The distance of the object 4 to be irradiated from the UV-LED unit's 3 light- emitting diodes is for example 2-10 mm.

The UV-LED units 3 are advisably provided with cooling, most preferably by means of a water circulation. Thereby, the curing conditions remain as stable as possible.

The assemblies are preferably provided with an automatic control for deactivating the UV-LED units 3, the cooling and the inertiation in the event that no object to be cured has been present in the curing zone for a certain period of time.

The conveyor 1 has preferably coupled therewith a limit switch, for example an optical one, which stops the conveyor in case the arriving object is too large. A required speed of the conveyor depends on the required amount of radiation. The speed is typically 4-20 m/min. Example

The effect on the curing of a coating composition obtained by the delivery of inerting gases was tested in the apparatus of fig. 1 as follows: On a parquet, used as a specimen and having dimensions: width 20 cm, length 30 cm, and thickness 14 mm, was spread Uvipar Top 2D lacquer in the amount of 10 g/m² and the specimens were fed into the apparatus at two different rates of speed, 4 m/min and 5 m/min. The applied inerting gas was lighter than oxygen nitrogen, which was produced by two nitrogen generators and the flow of which was maintained constant (40 + 40 l/min) throughout the test. The applied inerting gas heavier than oxygen was carbon dioxide and its delivery rate fluctuated within the range of 0- 150 l/min. The gas heavier than oxygen had its delivery unit positioned 120 mm upstream of that of the gas lighter than oxygen and 180 mm upstream of the LED unit. The LED unit had its distance to the top surface of an object to be coated fluctuated within the range of 4-10 mm. The coating was tested for successful curing by scraping the object with a spatula in its forward, central and rear parts. If scratching was observed, the coating process had not been truly successful.
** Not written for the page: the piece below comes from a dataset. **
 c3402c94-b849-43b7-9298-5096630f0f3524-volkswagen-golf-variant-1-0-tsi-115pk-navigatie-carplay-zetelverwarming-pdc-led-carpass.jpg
The results are presented in table 1.

Table 1

Claims

1. A method for coating an object (4), said method comprising

- spreading onto the surface of an object a composition curable by UV radiation, - conveying the object under an irradiation device (2.1 ; 2.2), wherein an inert gas is delivered onto the surface of the object and the object is exposed to UV radiation for curing the composition, characterized in that

- in the irradiation device (2.1 ; 2.2) there is first delivered an inert gas heavier than oxygen onto the surface of the object, and

- then a second inert gas is delivered onto the surface and the object is exposed to UV radiation.
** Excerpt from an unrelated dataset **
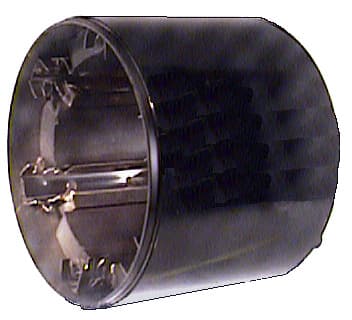 F032136894 - Pole housing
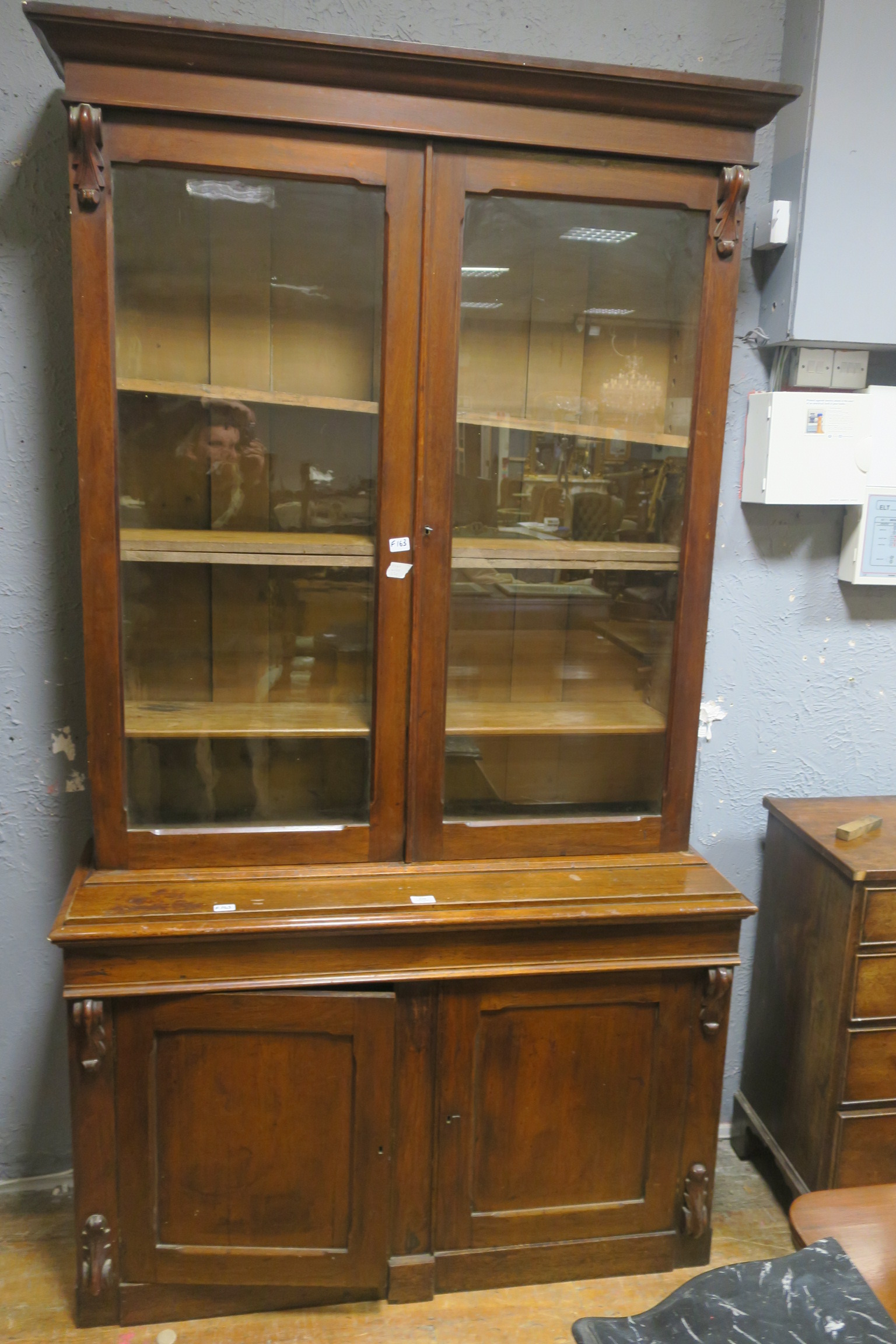 A 19th CENTURY MAHOGANY LIBRARY BOOKCASE,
2. A method as set forth in claim 1 , wherein the UV radiation is produced by solid-state emitters.

3. A method as set forth in claim 2, wherein the UV radiation is produced by light-emitting diodes.

4. A method as set forth in any of claims 1-3, wherein the inert gas heavier than oxygen is carbon dioxide.

5. A method as set forth in any of claims 1-5, wherein the second inert gas is nitrogen.

6. A method as set forth in any of claims 1-5, wherein the object has depressions or protrusions on its surface.

7. A method as set forth in any of claims 1-6, wherein the composition meted onto the object is heated prior to irradiation, preferably by means of an inert gas.

8. An apparatus for the curing by irradiation of a UV-radiation curable composition spread onto the surface of an object (4), said apparatus comprising - a conveyor (1 ), - an irradiation device (2.1 ; 2.2) above the conveyor, including inert gas delivery means and a UV radiation source (3), characterized in that - the irradiation device is provided with delivery means (5.1 ; 5.2) for an inert gas heavier than oxygen, and

- downstream thereof, delivery means (6.1 ; 6.2) for a second inert gas.

9. An apparatus as set forth in claim 8, which is provided with elements (10) for precluding escape of the inert gas across the side of the conveyor.

10. The use of an apparatus as set forth in claim 8 or 9 for curing a coating on an object which has depressions or protrusions on its surface.